= Chandradinga =

Hill in Mymensingh, Bangladesh

Chandradinga (চন্দ্রডিঙ্গা) is a hill located in the Kalmakanda Upazila of Netrakona District, in the Mymensingh Division of Bangladesh. It forms a part of the Garo Hills, which extend into Bangladesh from the Indian state of Meghalaya. The hill is renowned for its natural beauty and the local folklore associated with it, particularly the legend of Chand Sadagar, a prominent figure in Bengali mythology.

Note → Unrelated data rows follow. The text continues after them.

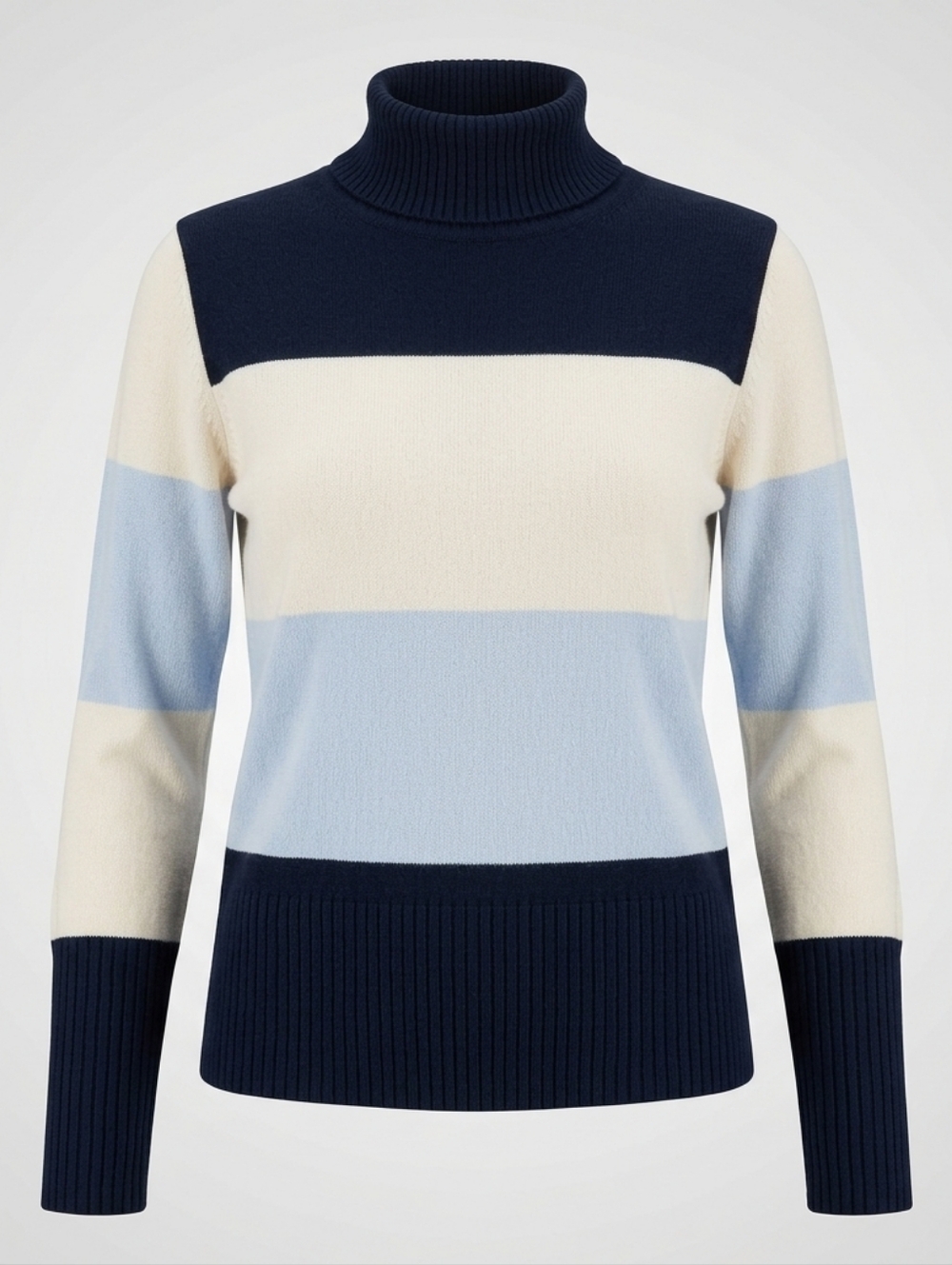 French Connection Striped Navy and White Women's Soft Casual Sweater Sz M-L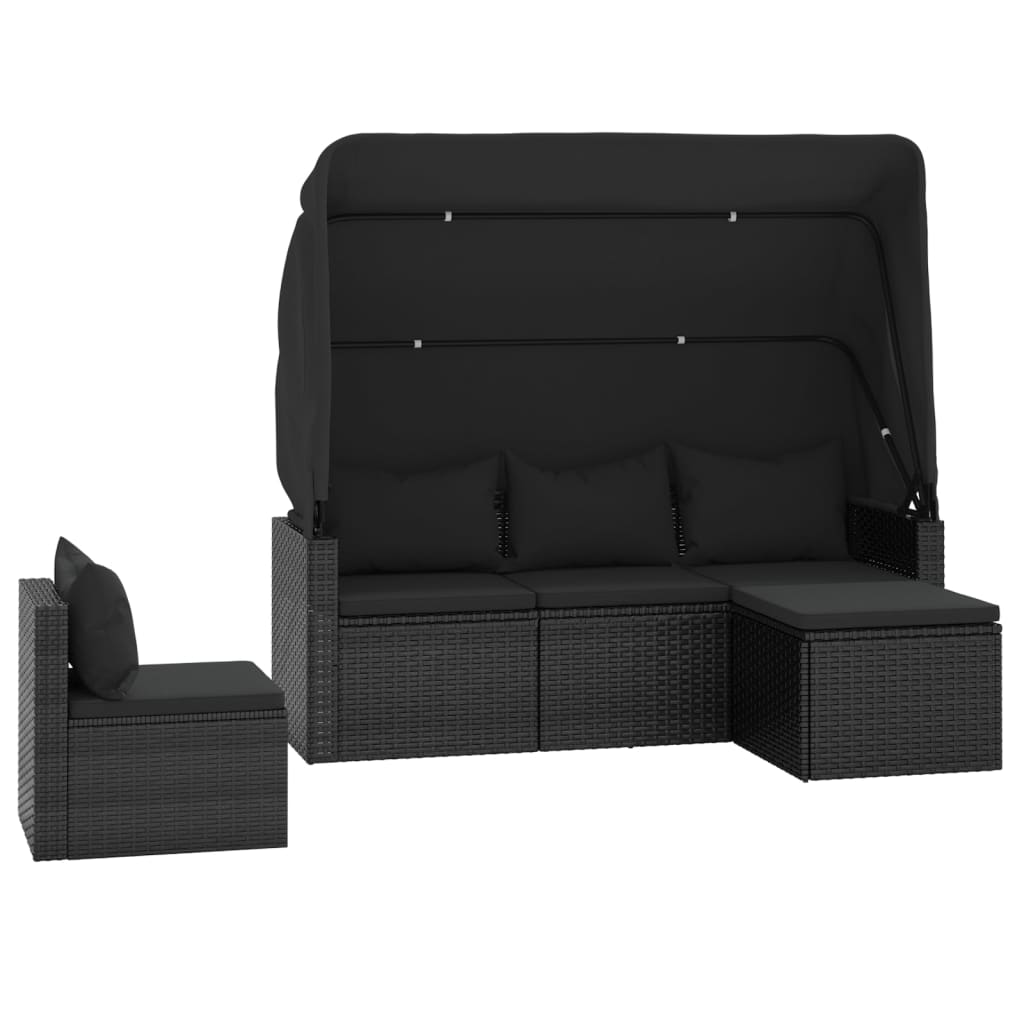 sofasæt til haven 4 dele med hynder polyrattan sort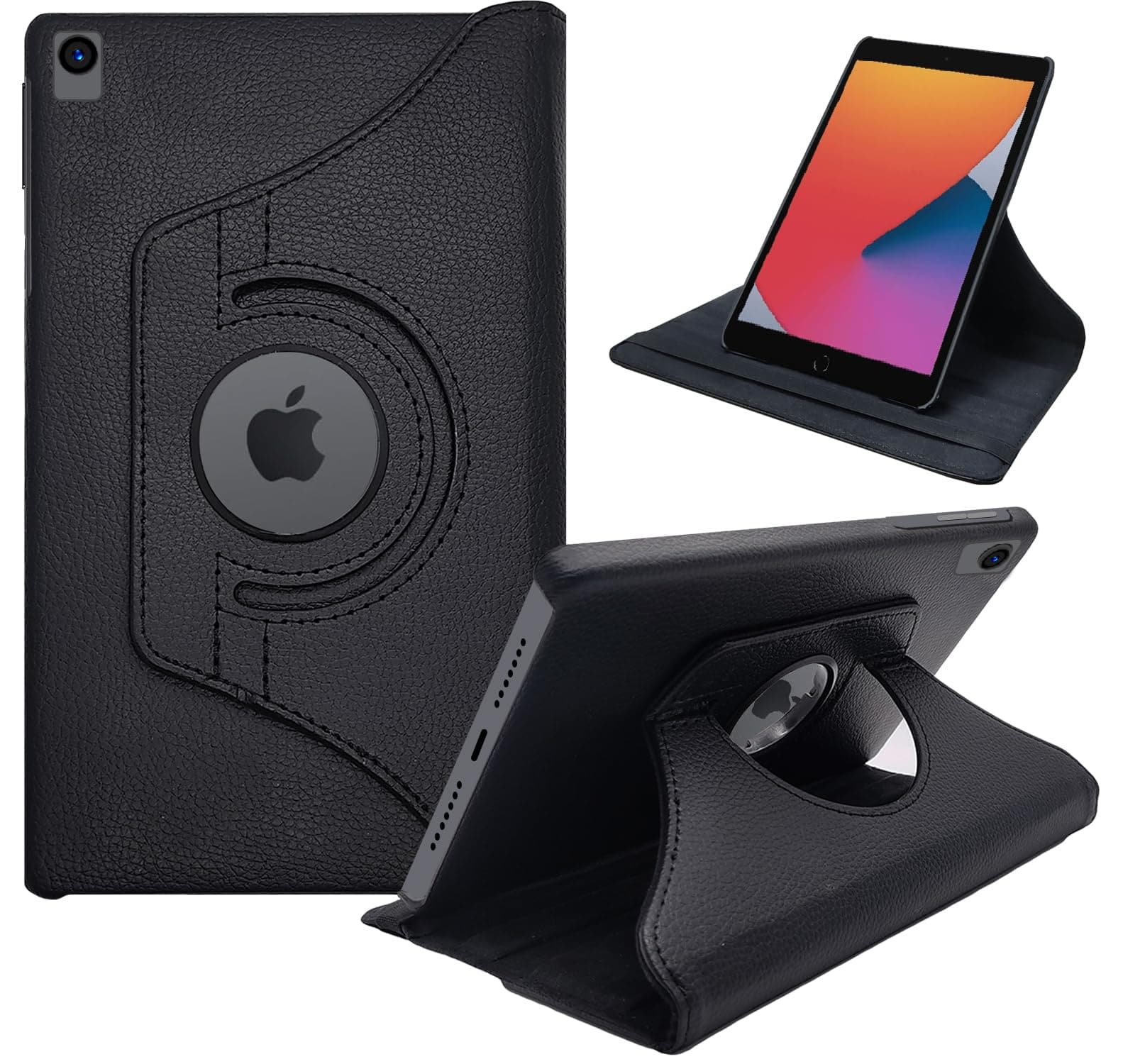 CEDO iPad 7 (7th Gen) / 8 (8th Gen) / 9 (9th Gen) 10.2 inch Flip Cover | Leather Finish | 360 Degree Rotate Flip Cover | Shockproof Back Case for iPad 7th / 8th / 9th Gen 10.2 inch (Black)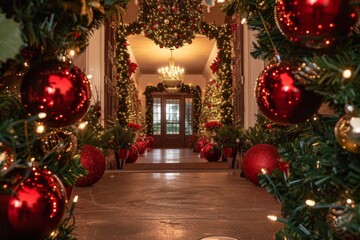 Fototapeta na wymiar Luxurious Christmas Decor in Grand Entrance with Red Ornaments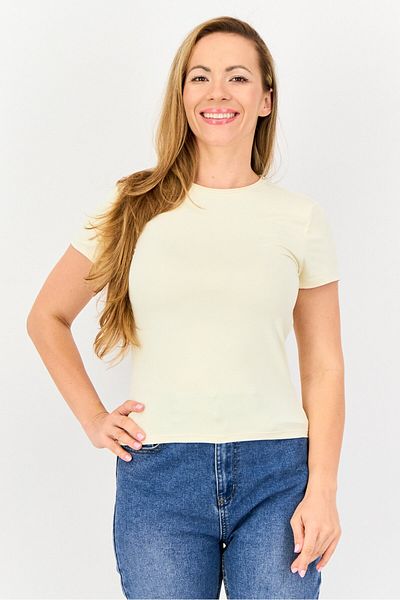 Bebe Women Crew Neck Short Sleeve Solid T Shirt, Cream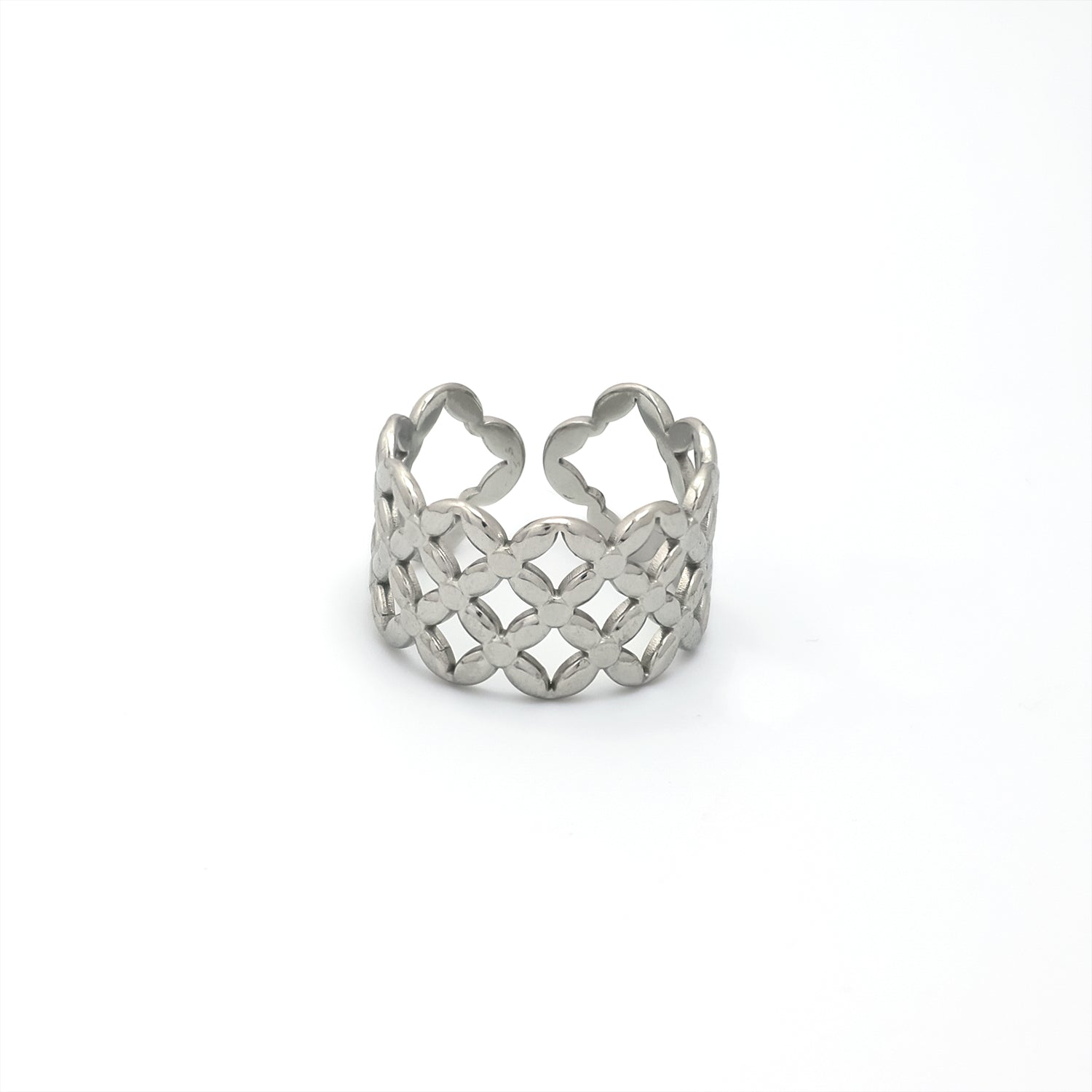 Silver Classic Stainless Steel Statement Adjustable Ring-00008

== Etymology and Folklore ==
The name Chandradinga is derived from two words: "Chandra", referring to Chand Sadagar, and "Dinga", meaning boat in Bengali. According to local folklore and interpretations of Bengali epic literature, the name commemorates the drowning of Chand Sadagar’s fleet of seven boats — known as Saptadinga — in a mythical sea called Kalidaha Sagar. This legend is prominently featured in the Manasamangal Kāvya, a key work of medieval Bengali literature.

According to the tale, the Hindu serpent goddess Manasa demanded worship from Chand Sadagar. Upon his refusal, she caused a storm that sank his seven boats. It is believed that the remnants of those boats are represented by seven rock formations in the Chandradinga area, contributing to the hill's mythical significance.

== Geography and Features ==
Chandradinga Hill is notable for its distinct shape, which resembles an overturned boat. The hill is surrounded by a scenic natural environment and offers panoramic views from the top. Several rock formations at the site are said to resemble boats, reinforcing the connection to the legend of the Saptadinga.